This is a very, very well made refractor particularly suited for solar observing and imaging. The objective was designed by the late Thomas Back and defined to be an “enhanced achromat”. It uses Ohara S-PMH53 and S-LAH51 glasses for optimum color correction. The scope was initially sold under the brand Burgess Optical and later by the German firm Astro-Professional, with minor differences in the OTA. My one belongs to this latter production and I purchased it from an English amateur because as far as I know the Planet Hunter never circulated in Italy.
The scope has a nominal diameter of 80 mm and an effective aperture of 77 mm with 900 mm focal length (f/11.7). The tube is white, well finished, provided of a Taiwanese-made Crayford focuser with 1:10 reduction which is very useful for focusing at high powers and during high resolution imaging.
Compared side-by-side with a TS 80 mm f/7 refractor (FPL-51 doublet) the Planet Hunter showed better diffraction images and, particularly, much less color; actually the PH can be defined more as a semi-apochromatic refractor than an achromat.
The most striking difference between the two can be seen in the near UV that is in calcium imaging, K and H lines.
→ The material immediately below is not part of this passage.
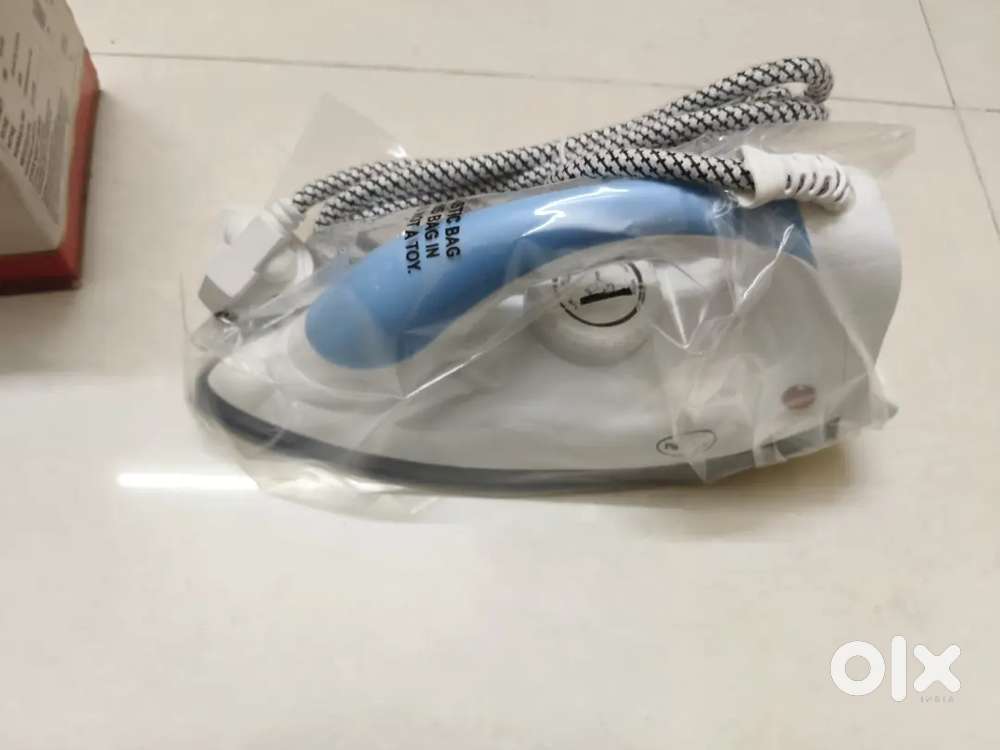 Iron press pigeon company unused with warranty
This is the chromosphere in the calcium line as it appears on the screen during imaging with the TS 80ED:
quite blurred indeed, while below is about the same region in the Planet Hunter after processing
which shows reverse granulation and plage network in good detail, of course within the limits of a 80 mm aperture.
The scope is therefore really well corrected from spherical aberration at short wavelengths. Images in the H alpha are also good but not significantly better than in my 150 mm achromat reduced to 104 mm (f/7.2).